Wilhelm-Leuschner-Platz + Areal an der Nonnenmühlgasse

  • Von oben gesehen bin ich immer wieder aufs Neue erstaunt, wie orgiastisch der sozialistische Städtebau über Leipzig hergefallen ist.

    Wenn Du das orgiastisch nennst frage ich mich was dann in Ost-Berlin, Dresden oder Chemnitz vonstatten ging. Wir können froh sein, dass die DDR ökonomisch gar nicht in der Lage war ihre Planungen umzusetzen. Legt man z.B. den Generalbebauungsplan von 1970 für Leipzig zugrunde ist das was wir heute an DDR im Stadtbild sehen noch nicht mal ein dezentes Vorspiel.

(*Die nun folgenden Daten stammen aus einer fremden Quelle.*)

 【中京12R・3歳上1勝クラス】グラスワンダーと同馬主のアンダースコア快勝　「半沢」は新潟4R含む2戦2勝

  • ^ oder auch Magdeburg.



    Tatsächlich aber hat die DDR in Leipzig einige sehr teure Bauten errichtet und der Stadt auch ein Gesicht bis 1990 gegeben - Oper, Ringbebauung, Uni-Riese, Drittes Gewandhaus. Hotel Westin (obwohl von Japan bezahlt) - aber Leipzig ist nie eine sozialistische Stadt im städtebaulichen Sinne geworden. Selbst die Zerstörung der Universitätskirche oder Ansätze wie 18. Oktober und Bayerischer Platz haben die Stadt nicht völlig verändert. Die Viertel wie Kolonnadenviertel und Seeburgviertel waren eher Kriegszerstörung und fehlendem Wohnungen geschuldet. Es wurden sogar Pre-DDR Planungen ausgeführt.


    Warum das so war liegt sicher an der Struktur der Kriegszerstörung. Aber der DDR-Führung war auch bewusst, dass die Stadt in der wirtschaftlichen Struktur der DDR ein sehr wichtiger Faktor war.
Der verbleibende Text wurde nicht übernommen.